THE army's grip on Burma remains firm. But the upheaval that began last summer with the departure from office of military ruler U Ne Win still has some strength left. The Burmese people's desire for economic betterment and a more democratic government is seen in the registration of 170 new political ``parties'' - most of them small debating societies that want the protection of being on the official register. The push for change was also evident in the crowd of 100,000 or so that turned out, despite warnings from the army, for the funeral of the wife of Aung San, who led Burma to independence from Britain in the late 1940s.

Aung San's daughter, Aung San Suu Kyi, now leads the National League for Democracy, the main opposition party. The National Unity Party, inheritor of Ne Win's old Burma Socialist Program Party, has the army's backing, but the generals have to be worried by the popular support for Ms. Aung San Suu Kyi. If a fair election were held today, the National League for Democracy would probably triumph.

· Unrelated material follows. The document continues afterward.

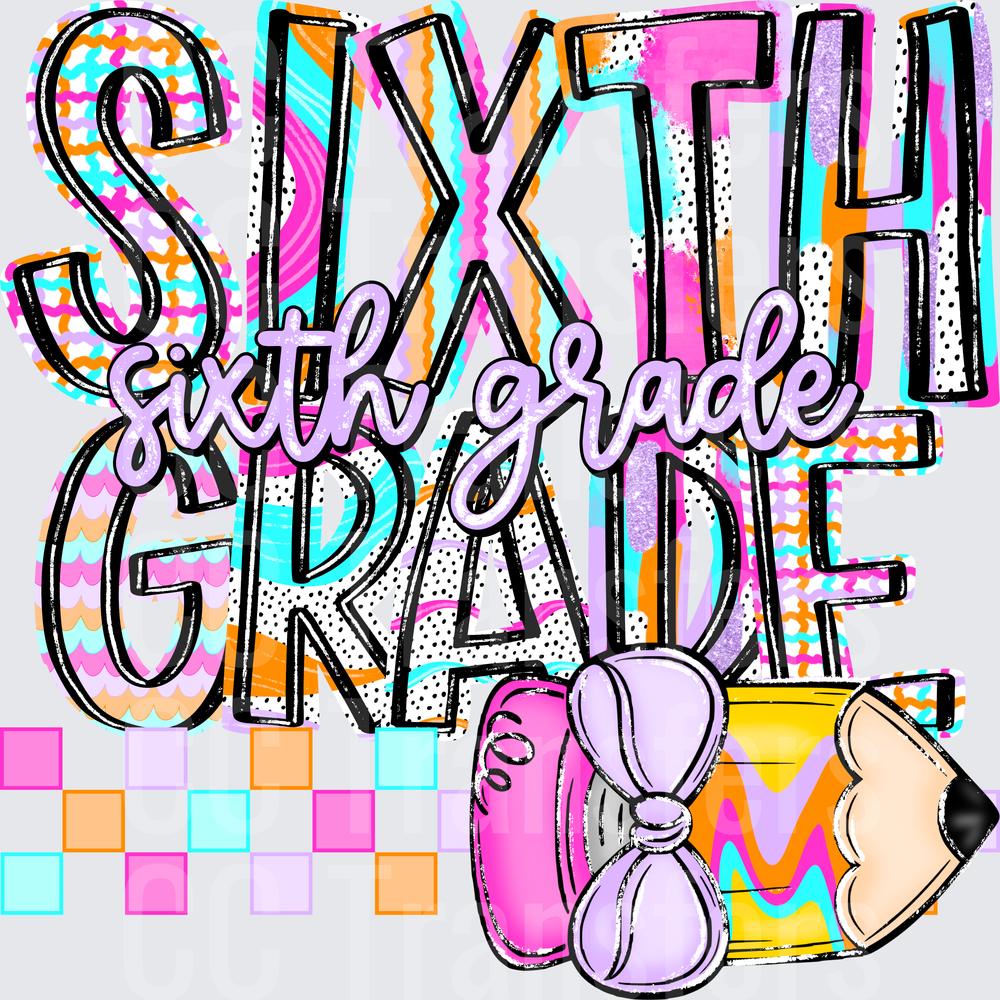 Sixth Grade Bold Colorful Typography with Pencil and Bow (DTF)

That's doubtless why a national vote, promised by Ne Win as he stepped down last July, seems to be perpetually pushed into the future by the current military rulers. After brutally crushing street demonstrations in September, Ne Win prot'eg'e Gen. Saw Maung said elections would come once law and order had been restored. That has been achieved, but since then other preconditions have been added: upgrading and repairing the country's transportation system, improving living standards.

The irony in these conditions, particularly the latter, is the near impossibility of accomplishing them under the present government. Halting, halfway efforts to modernize an economy made primitive by Ne Win's 26-year rule have failed. An unrealistic official exchange rate effectively blocks most trade and foreign investment.

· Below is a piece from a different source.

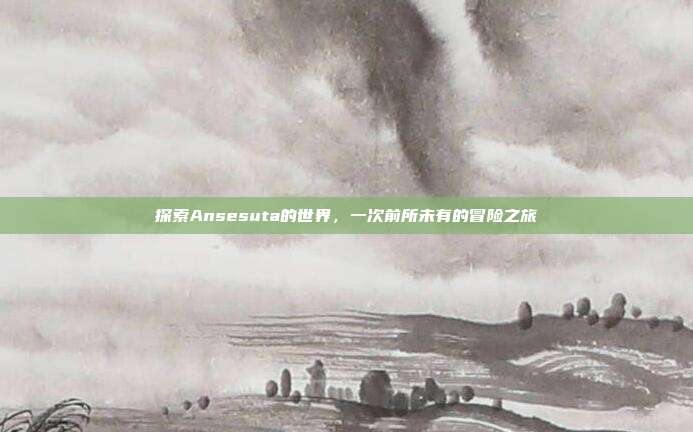 探索Ansesuta的世界,一次前所未有的冒险之旅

The country's hope is a transition to democratic rule and the installation of leaders with some grasp of economics. Many observers see this hope dimming as the army consolidates its hold on power. But the army voluntarily gave up power once before, in 1960 when then army chief Ne Win - ever a central figure it seems - earlier stepped down after a beleaguered civilian government had asked him to take charge for a limited time.

It can only be hoped that Ne Win, now a shadowy figure in his 80s but still believed to wield influence, and his followers see the wisdom of repeating that history.